L’antica teoria della disciplina formale della filosofia scolastica, in base alla quale la mente umana sarebbe composta da facoltà, fu criticata da Thorndike, il quale teorizzò l’apprendimento come il risultato di un’associazione che si stabilisce tra uno stimolo specifico e una risposta altrettanto precisa. Si tratta di un apprendimento per tentativi ed errori, che viene realizzato più facilmente se le sue conseguenze sono soddisfacenti per il soggetto.

Sulla base dell’esperimento del gatto in un puzzle box (dalla quale usciva dopo aver provato a premere la leva un certo numero di volte), Thorndike e altri teorizzarono la legge dell’effetto, secondo la quale ogni processo di apprendimento è influenzato dagli effetti che seguono una risposta (una ricompensa positiva consoliderà l’associazione S-R).
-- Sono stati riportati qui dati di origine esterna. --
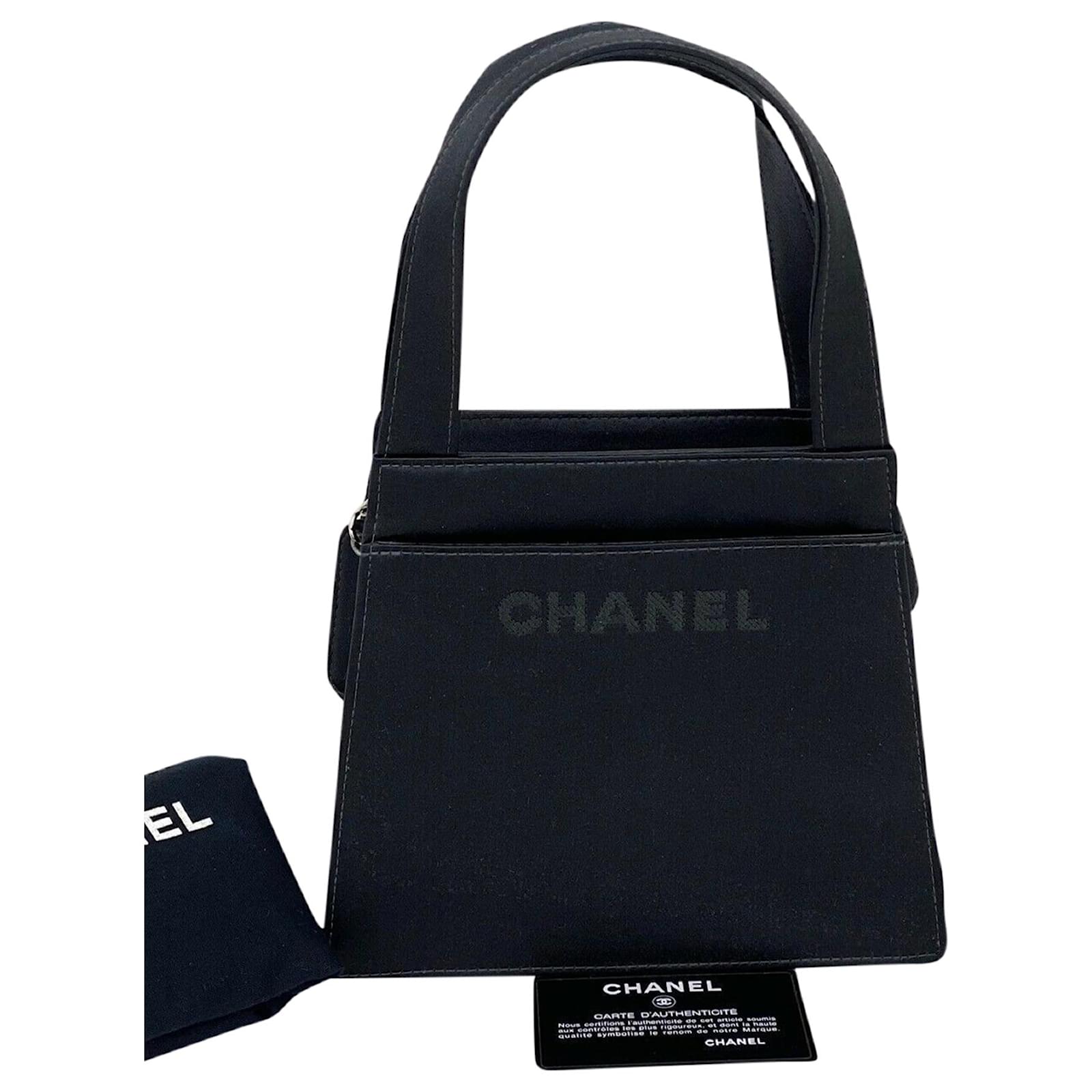 Chanel Handbag Satin Vintage Black Mini Handle Tote Bag Purse Authentic  B383 Leather ref.639551 - Joli Closet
In quest’ottica, l’apprendimento può essere adeguatamente spiegato senza far riferimenti agli stati interni, non osservabili.

Skinner riprese il concetto di rinforzo. La sua teoria del condizionamento operante sostiene che, quando un individuo emette dei comportamenti in risposta a certi stimoli, se tali risposte sono seguite da un rinforzo, aumenterà la probabilità che esse compaiano in situazioni successive.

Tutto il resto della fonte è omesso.